Some bicyclists just cruised past. I hung behind them a few miles ago providing them with some safety in a fast downhill stretch. They appreciated that. I raced bikes in college (badly) so I get it. Passing them would be dangerous for everybody, so this way I could be helpful.
I’ve been listening to music that my buddy John H gave me years ago. Some of this I’ve never heard before. I wonder why. A lot of it is good.
The next stop is a brief pause at Ragged Point. This looks like a place I’d like to spend more time, so I note the lodging so I can bring my family here another day. I think they’d like it. It’s about noon and the light is awful so there’s no point in taking many pictures. I brought my little Panasonic Lumix superzoom for these snapshots, the Canon 5d Mk III for the quality stuff.

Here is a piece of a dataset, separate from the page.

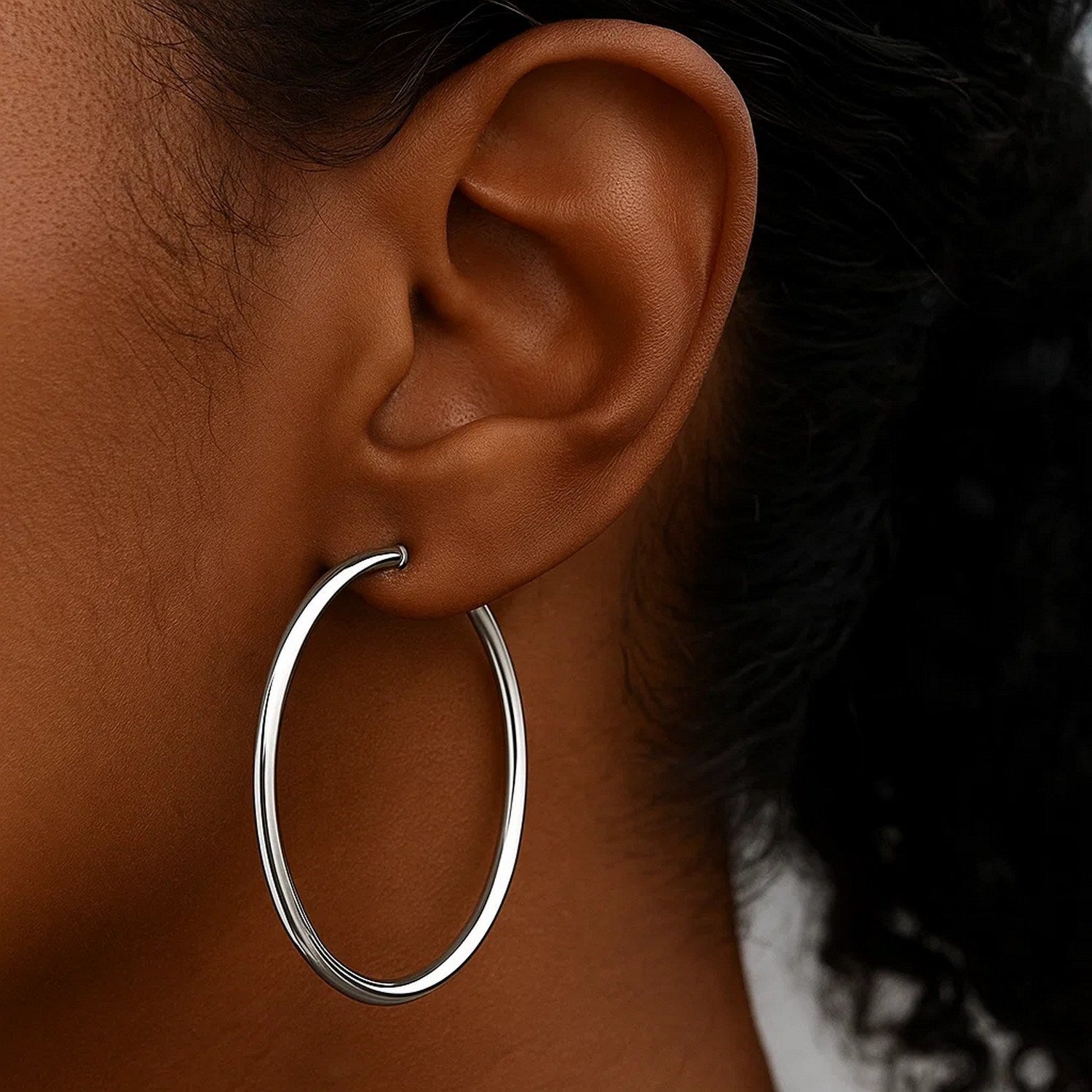 Polished 10k white gold hoop earrings crafted in 14k gold, showcasing a modern design with elegant shine.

I read about the San Simeon elephant seal migration, so that’s the next destination. The seals are all females and juveniles. I see a lot of these guys around Año Nuevo and they’re beautiful. I can get much closer since there’s a fenced boardwalk without causing any problems for the wildlife. It’s a good opportunity to use the Canon and a telephoto lens. Lots of people now want to talk about photography topics and I’ve become that guy declining shots because “the light’s no good that direction.” A snapshot of an excellent subject in bad light is nowhere near as good as a mundane subject in quality light. So I politely decline with only the brief explanation.
A couple of hours later I rolled through San Louis Obispo and into my campsite near Pismo Beach.
I unloaded, setup camp, and explored my new surroundings a bit before visiting my friends. Funny thing, I had forgotten that this was a popular spot to drive on the beach. I don’t feel inclined to get stuck in the sand so far from home so I’ll pass this trip.